--- ACTIVITY ---
Only the lines from the one containing "TEMBEA／HARVEST TOTE LARGE MOKU』 | SALVE" to the end of the records belong in the copy. Reproduce them word for word and drop the pictures.

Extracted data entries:

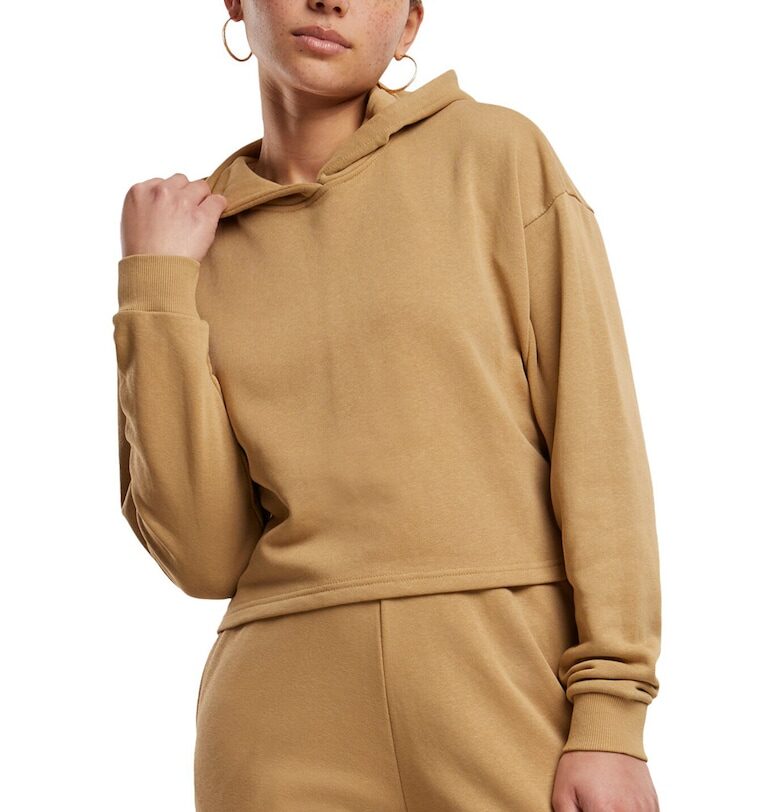 Късо худи с паднали ръкави Urban Classics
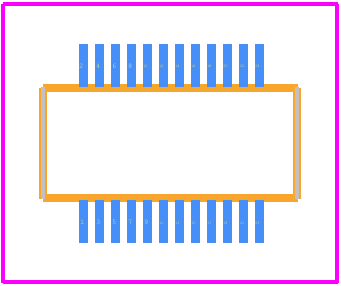 501017-0248 - Molex PCB footprint - Other - Other - 501017-0248-1
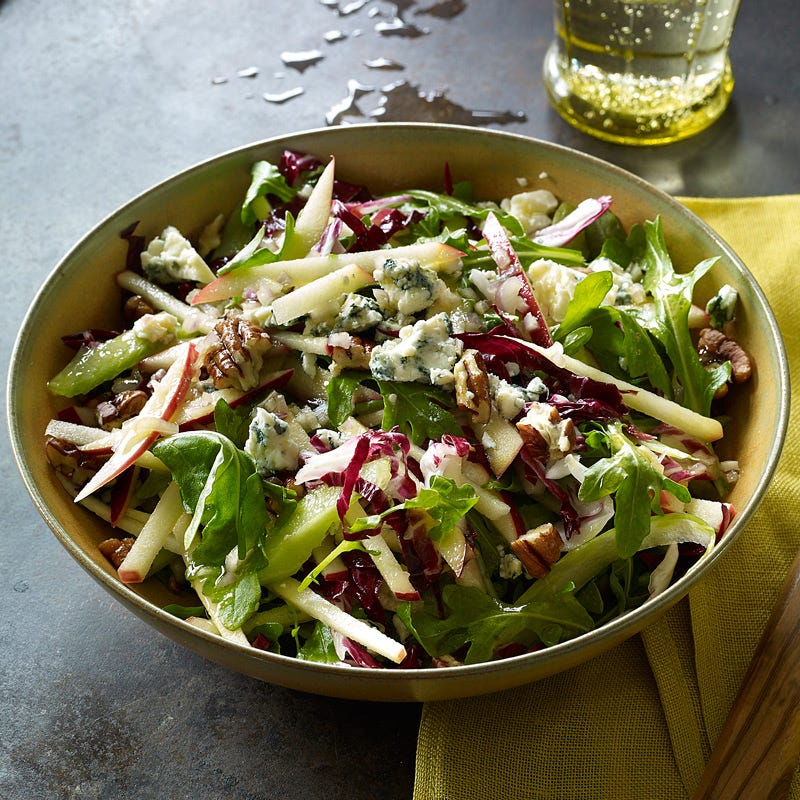 Photo de Salade de récolte de l'automne avec vinaigrette au cidre par WW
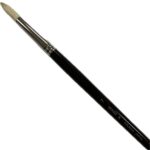 HOLBEIN BRUSH WHITE BRISTLE ROUND [LH] K No.7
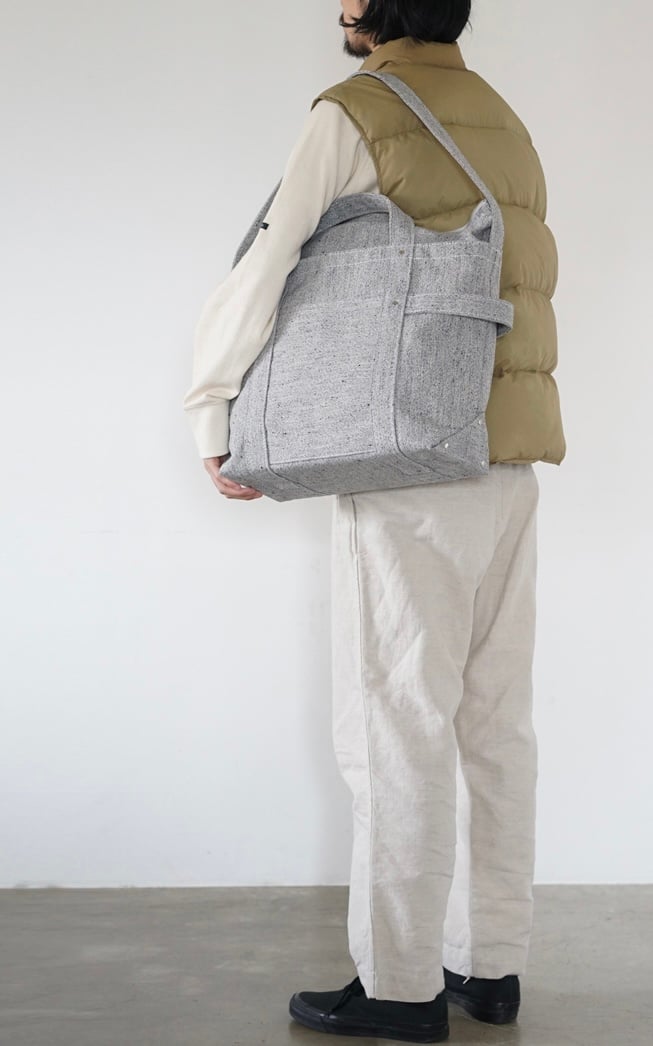 TEMBEA／HARVEST TOTE LARGE MOKU』 | SALVE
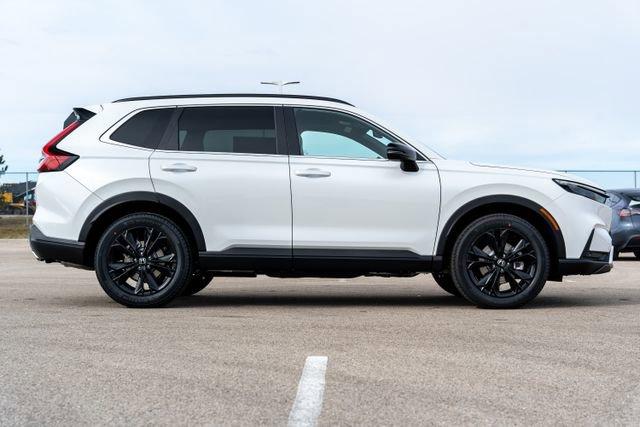 new 2025 Honda CR-V Hybrid car, priced at $41,200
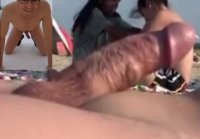 Me acostaré en la playa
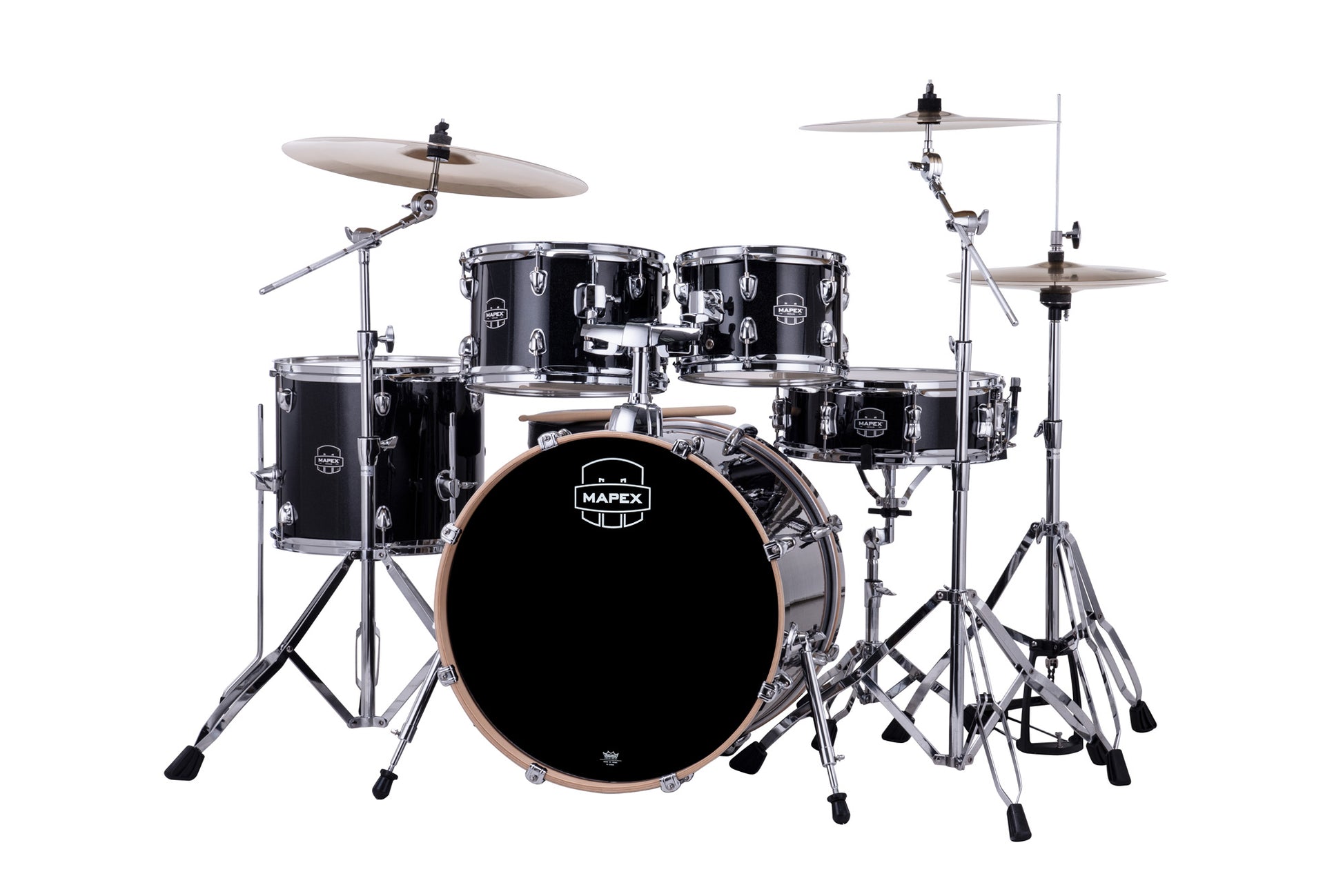 MAPEX VENUS FUSION 20 5F BLACK GALAXY SPARKLE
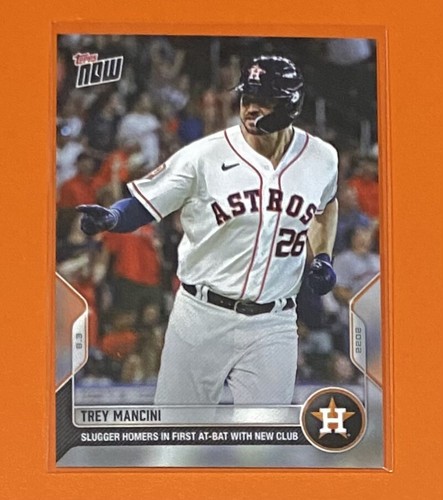 2022 Topps Now 647 Trey Mancini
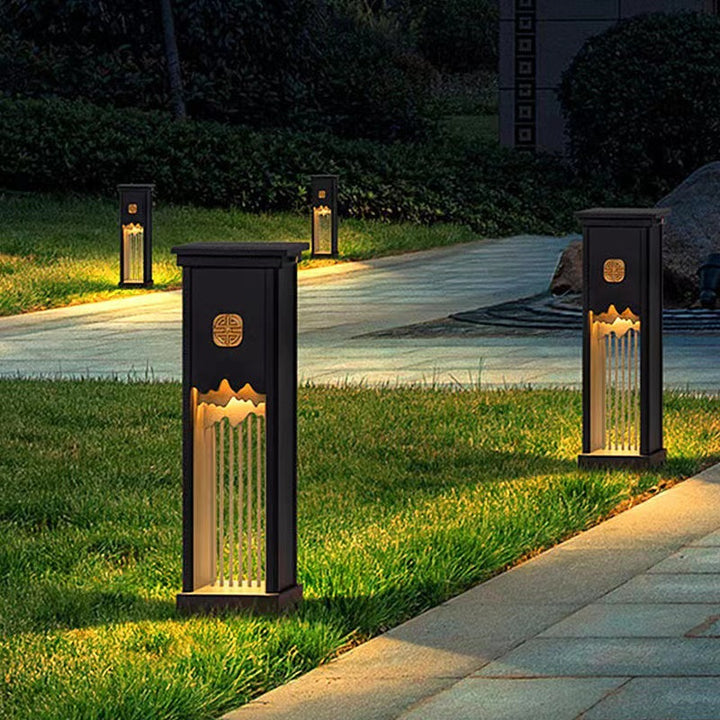 Moderne Dekorative LED Gehwegbeleuchtung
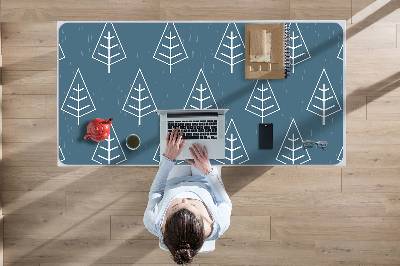 Tapis de bureau Forêt bleue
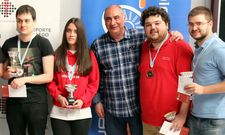 Andrea Dorado acumula tres t�tulos esta tempada.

--- EXERCISE OUTPUT ---
 TEMBEA／HARVEST TOTE LARGE MOKU』 | SALVE
 new 2025 Honda CR-V Hybrid car, priced at $41,200
 Me acostaré en la playa
 MAPEX VENUS FUSION 20 5F BLACK GALAXY SPARKLE
 2022 Topps Now 647 Trey Mancini
 Moderne Dekorative LED Gehwegbeleuchtung
 Tapis de bureau Forêt bleue
 Andrea Dorado acumula tres t�tulos esta tempada.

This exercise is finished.